> [Exercise prompt]
Once the line containing "Before & After Breast" appears, output it and each remaining line of the records below exactly, with no pictures and nothing more.

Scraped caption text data
───

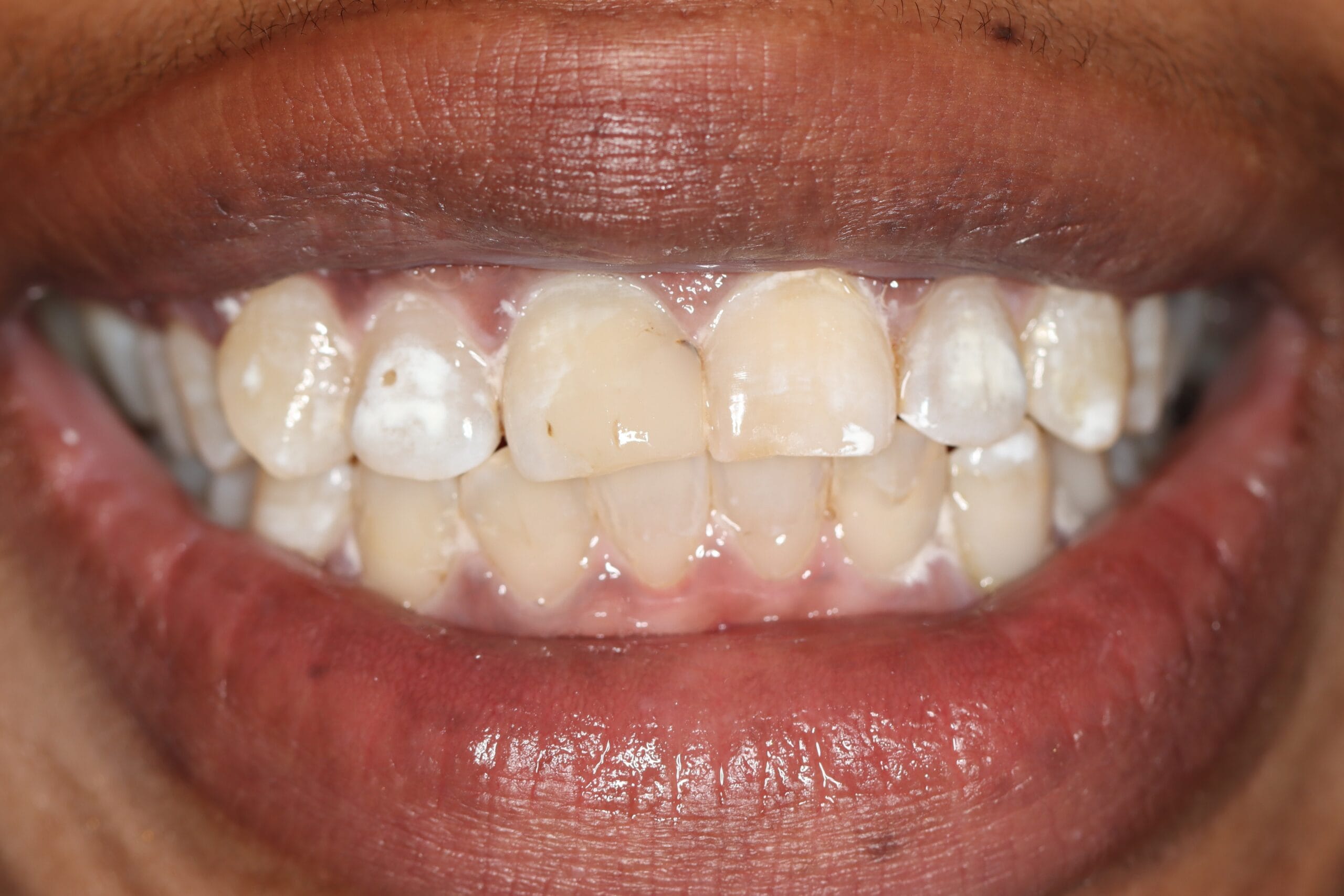 Before smile makeover showing worn and discoloured teeth before crown restoration at Dr Chalita le Roux Dental Studio Johannesburg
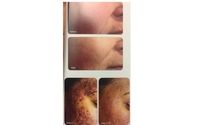 Cutera Laser Genesis by Refresh Aesthetics Columbus, OH-MedSpa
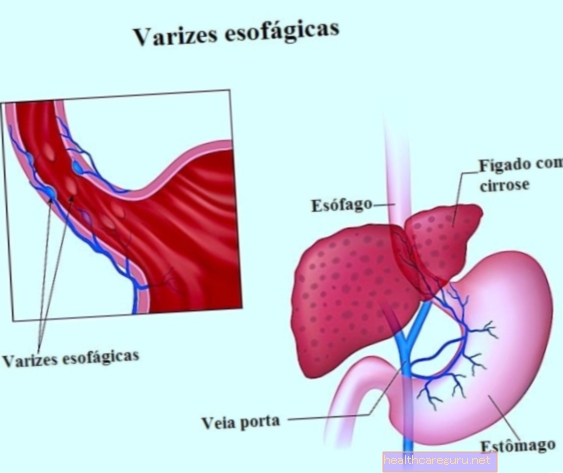 Penyebab varises, gejala dan rawatan esofagus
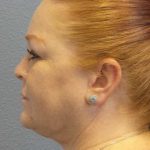 Liposuction of the Neck Before & After Patient #12060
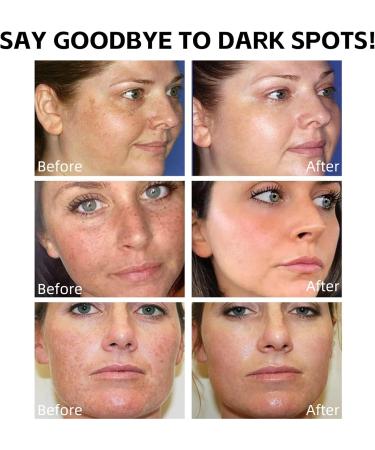 Dark Spot Correcting Serum Anti Ageing Face Serum with Niacinamide Hyaluronic Acid Serum Dark Spot Remover for Face Skincare Brightening Serum Reduce Age Spots Fine Lines Hyperpigmentation - Buy Online on GoSupps.com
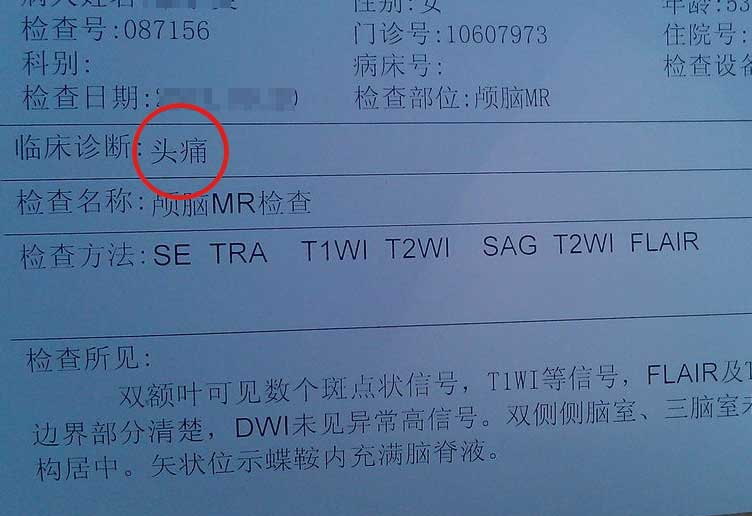 偏头痛医院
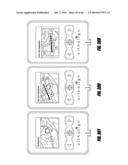 HIP SURGERY SYSTEMS AND METHODS diagram and image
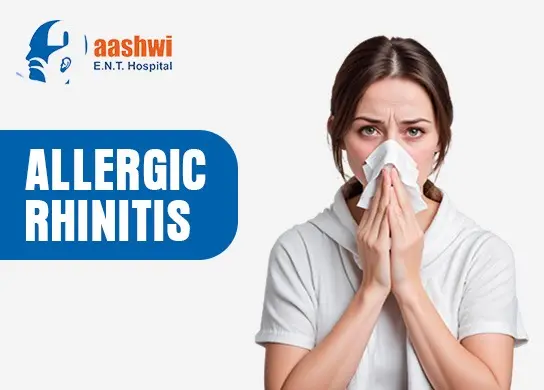 Allergic Rhinitis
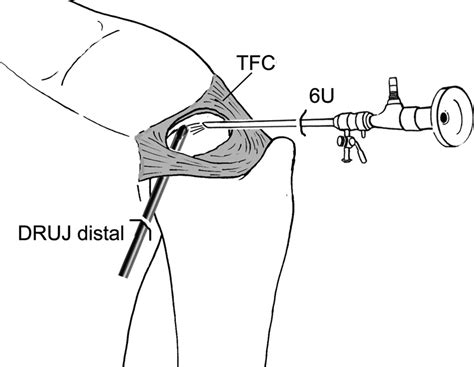 The role of arthroscopic synovectomy in patients with undifferentiated ...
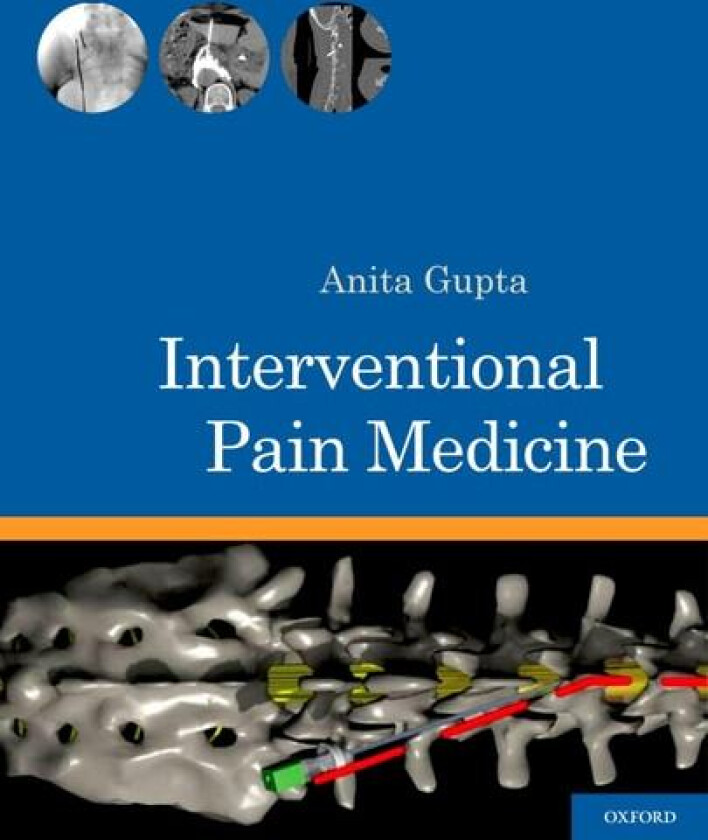 Interventional Pain Medicine av Anita Gupta (Spiral bound)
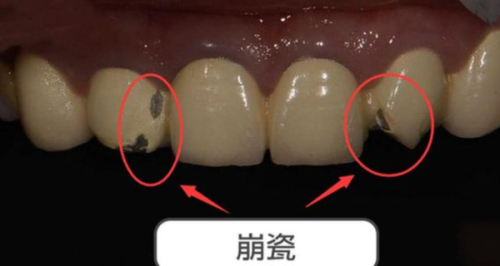 济南历下百可瑞口腔诊所擅长项目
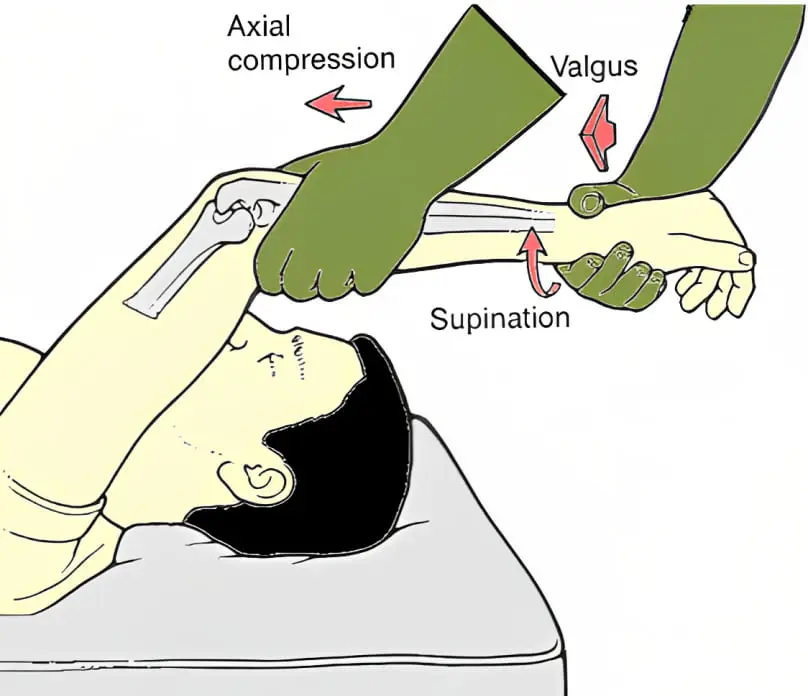 Elbow Lateral Pivot-Shift Test Orthopedic Special Test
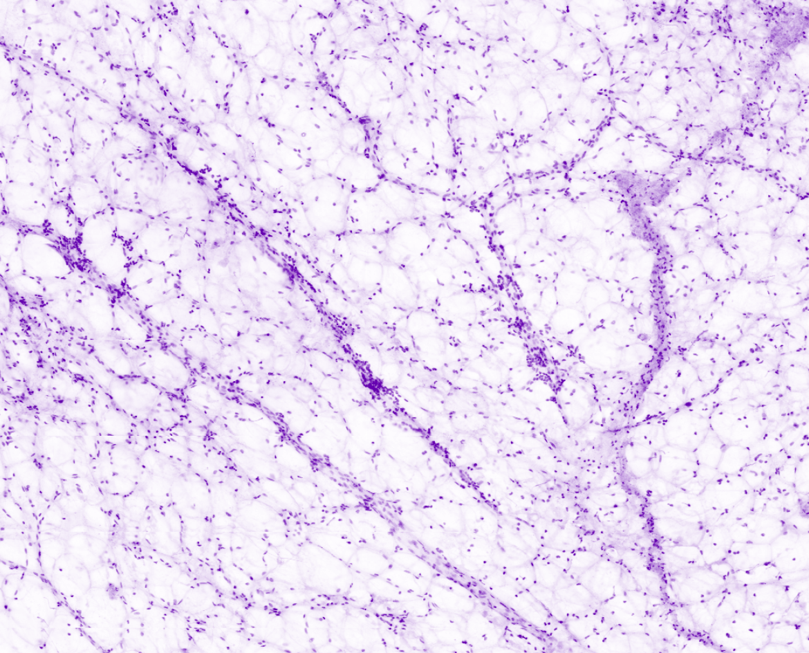 Colon fatty tissue capillaries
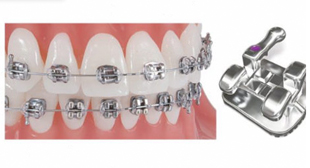 Pinnacle Stainless Steel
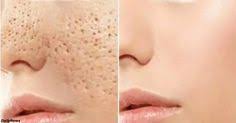 как сделать лицо чистым и гладким в домашних условиях Pory Na Lice Ischeznut Cherez 3 Dnya Esli Delat Vot Eto Lico Sredstva Dlya Kozhi Chistoe Lico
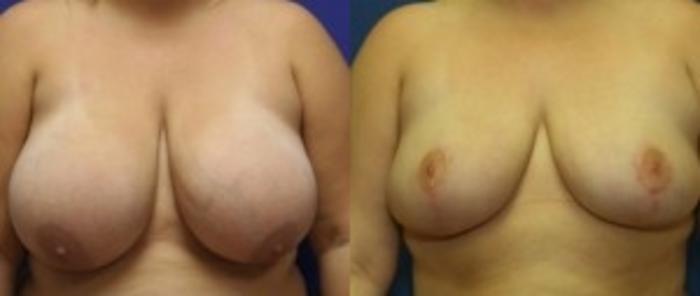 Before & After Breast Reduction Case 51 Front View in Ann Arbor, MI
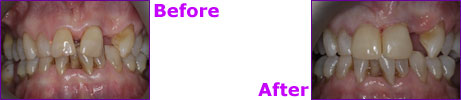 before after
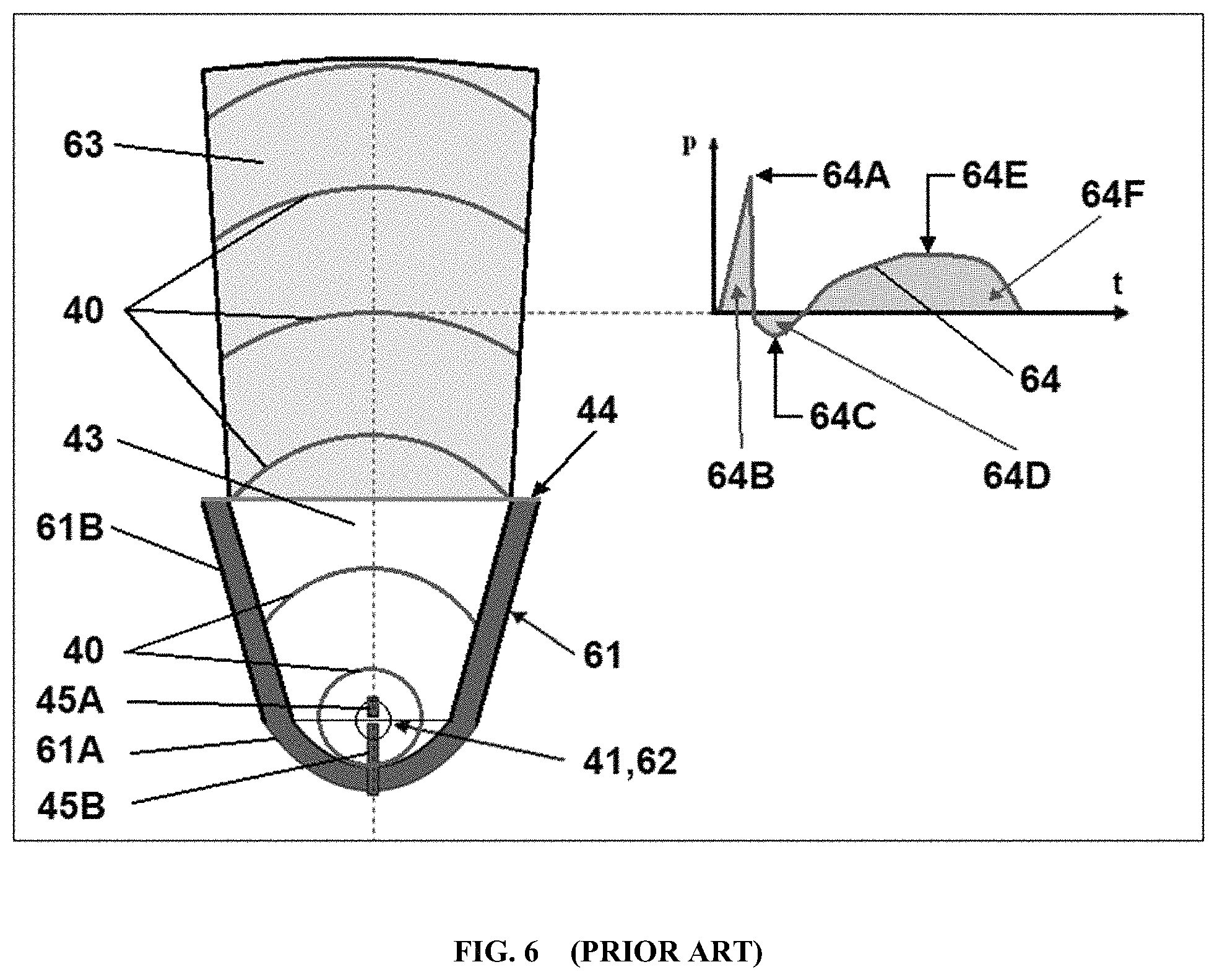 Patent US11771781 Figure 6 – Reprocessing of contaminated reusable devices with direct contact of pressure waves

───

> [Exercise solution]
 Before & After Breast Reduction Case 51 Front View in Ann Arbor, MI
 before after
 Patent US11771781 Figure 6 – Reprocessing of contaminated reusable devices with direct contact of pressure waves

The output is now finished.